American Still Life (Ode to Nirvana)

The presbyterian minister lounges
by a gas pump in a stroke of yellow
lamp light, hand on the nozzle,
finger on the trigger, kept like his
knuckles on the steering wheel
calloused from something like prayer. Highlights on, he drives
past wire-framed buildings, the corpses of giants
gasping for earth. Dirt roads soothe
him, backstreet confessional booths
with thatched banners announcing two graveyard plots, only 600 dollars.
He frequents a building where the neon open sign misses a letter,
rifles through patched fabrics in a thrift store bin,
finds jeans like Kurt Cobain’s. The basement has another banner,
this one reading Alcoholics Anonymous
with those steel stools arranged
in a circle like musical chairs.
When the seats fill up, he shakes everyone’s hand,
listens, hears, blesses with no judgement.
When the seats empty, he stays seated,
removes his collar and gown, stashes them and waits an hour
until the banner switches, one more sign: Narcotics Anonymous,
another support group, one vice or another,
and this time he does no blessing, only listens, hears, speaks
to no judgement and no response. Fill in the second
support group with any so-called sin
and this scene is still eucharistic. He leaves
after everyone leaves and becomes
a priest again, puts on his collar to cover the chest hair
peeking past his shirt. At the gas station again, he
fills it up to the quarter and the pump makes a click as gas drips
from the nozzle, saturating the asphalt sanguine in this light:
a narcissus sheen going only so far, dark blue
fields of rolling nothingness reflecting the dark red
of unlearning American exceptionalism,
matching his face in the one hour
between teacher and student, caretaker and caregiver,
between sermon, answer, and prayer,
leaving his condition cleft somewhere between
impossible and inevitable,
white and dark white.


***


Jade Rabbit Tattoo Regret

An old man asks for food, and a rabbit
throws itself onto the fire for others to eat its flesh
but the rabbit doesn’t burn.
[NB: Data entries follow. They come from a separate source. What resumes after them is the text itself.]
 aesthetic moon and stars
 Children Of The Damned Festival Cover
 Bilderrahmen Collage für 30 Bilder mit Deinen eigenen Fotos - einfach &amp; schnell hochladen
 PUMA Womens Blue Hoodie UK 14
In return, the old man reveals
himself the jade emperor and brings the rabbit to the moon
where it pounds with mortar and pestle the elixir of life
in vain. I’ve looked to the moon
for the rabbit, not the medicine. Let me ask you
what you think the fire means. Does generosity require
self-sacrifice? I apologize if I sound bitter, but really,
I relate more to the fire, as others pass through me
in hope of a reward.

In my version, the rabbit
burns, its body devoured as a palimpsest of desires.
Because the thing I want least is a body, and the most is
to give it up for another. Read between the dermal lines
what the body means. I wanted a tattoo of the jade
rabbit, not of ink inserted in but of skin
pulled out: the world, the rabbit — a crevasse, and my body,
the fire. The civil, and the symbolized. Being the rabbit
means not waiting around for the aftermath. And after
the laser removal, what is left? The rabbit, the fire, the moon?
The herbs being crushed? The crushing?
The living despite it all.

SHARE

IG

FB

BSKY

TH

Click here to subscribe today and leave your comment, or log in if you’re already a paid subscriber.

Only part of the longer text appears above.